The tin oxide thin film 22 of such a conventional cell is formed by vacuum evaporation or thermal CVD, while the aluminum electrode 26 is formed by vacuum evaporation or sputtering. The a-Si:H layer is formed by plasma CVD in which a mono-silane gas (SiH.sub.4) is decomposed by glow discharge at a substrate temperature of about 250.degree. C.
In the formation of the n type a Si:H layer 25, phosphine gas (PH.sub.3) is mixed with the mono-silane gas at a flow rate ratio of about 1% to the mono-silane gas. In the formation of the p-type a-SiC:H layer 23, methane gas (CH.sub.4) and diborane gas (B.sub.2 H.sub.6) are mixed with the mono-silane gas.
When light 27 is made incident onto the glass substrate 21 of such an amorphous silicon solar cell as described above, a positive electric potential is generated in the p-side tin oxide electrode 22 and a negative electric potential is generated in the n-side aluminum electrode 26, respectively, by the photovoltaic effect in the p-i-n junction. FIG. 3 shows the current-voltage characteristics of the solar cell under sun light having intensity of 100 mW/cm.sup.2. This presented by Tawada et al. in the Journal of Applied Physics, Vol. 53 (1982), pp. 5273-5281. The black dot represents the point at which a product of the output current density and the output voltage, the output electric power per square centimeter of the amorphous silicon solar cell, becomes maximum. The output power at this point is generally called the output of the amorphous silicon solar cell, and the ratio of the output electric power to the incident light power is called the conversion efficiency.
In order to increase the output power of such an amorphous silicon solar cell, it is important that the light transmissivity of the p-type layer is high so that as much light as is possible can reach the i-type layer because only the i-type layer is photovoltaically active. Therefore, it is necessary to reduce the optical absorption coefficient of the p-type layer. The optical absorption coefficient .alpha. of the p-type layer is calculated from the following expression (1) in terms of its band gap Eg (unit:electron volt): EQU .alpha.=B.sup.2 (E-Eg).sup.2 /E (E&lt;Eg) (1)

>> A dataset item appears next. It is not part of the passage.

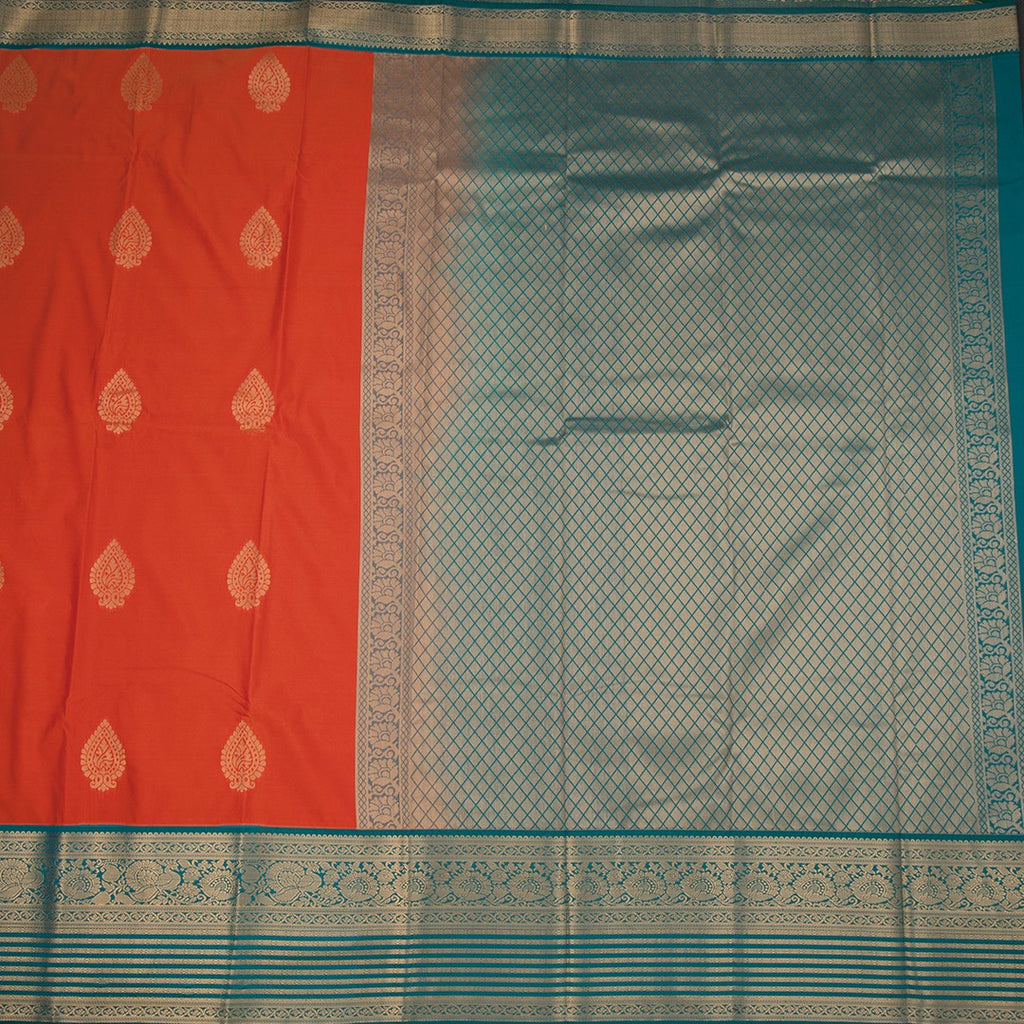 Art Silk Fanta Orange Zari Worked Saree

In the above expression (1), B.sup.2 represents a constant, and E represents photon energy measured in electron volts. From the expression (1), it is understood that increasing Eg reduces the absorption coefficient u. In the journal mentioned above, Tawada et al. report that the conversion efficiency of an amorphous solar cell is improved from 5-6% to about 8% by forming the p-type layer with an a-SiC:H which has a wider band gap than an a-Si:H.
As described above, the transmissivity of the p-type layer increases with an increase in band gap. However, its electric conductivity under light irradiation (photoconductivity) decreases as the band gap increases. FIG. 4 shows the dependence of the photoconductivity of an a SiC:H film on its band gap, which dependence is plotted from the results reported in the foregoing journal article by Tawada et al. Such decrease in the photoconductivity will result in increasing the series resistance of the solar cell. Generally, the thickness of the p-type layer is about 10.sup.-6 cm (10 nm) and its photoconductivity is 10.sup.-6 S/cm. This value of photoconductivity is the minimum permissible because the value corresponds to a series resistance component of 1 .OMEGA. for an amorphous silicon solar cell having an area of 1 square centimeter and the series resistance larger than 1 .OMEGA. is not desirable for the cell. FIG. 4 suggests that the band gap must be under 2.0 electron volts in order to obtain a photoconductivity larger than 10.sup.-6 S/cm. Consequently, it is difficult to provide a p-type window layer, .material for a p-i-n type amorphous silicon solar cell using an a-SiC:H film which has a band gap of 2.0 electron volts or more for improved light transmittivity as well as a photoconductivity of 10.sup.-6 S/cm or more.